No país, o aborto é considerado crime contra a vida humana pelo Código Penal Brasileiro, em vigor desde 1984, prevendo detenção de um a três anos para a gestante. Entretanto, a prática pode ser realizada em hospitais quando há “risco” de morte para a mulher em decorrência da gravidez; quando a gravidez é resultante de um estupro ou se o feto for anencefálico.

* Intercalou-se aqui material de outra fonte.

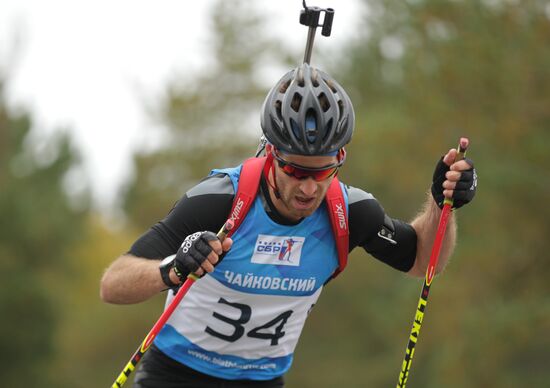Russian Summer Biathlon Championships. Men's sprint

Aborto: Crime contra a vida. Mas contra a vida de quem?
O aborto é permitido, livre e seguro para a mulher rica, que pode pagar por ele. A mulher pobre é criminosa – quando não morre. Impossível, nesse caso, não rememorar a triste história de Jandira Magdalena dos Santos Cruz. A carioca foi morta em agosto de 2014 após ter ido numa clínica clandestina na tentativa de abortar.
Jandira desembolsou R$ 4,5 mil para realizar o aborto. Há indícios de que o ex- marido tenha se envolvido nos procedimentos.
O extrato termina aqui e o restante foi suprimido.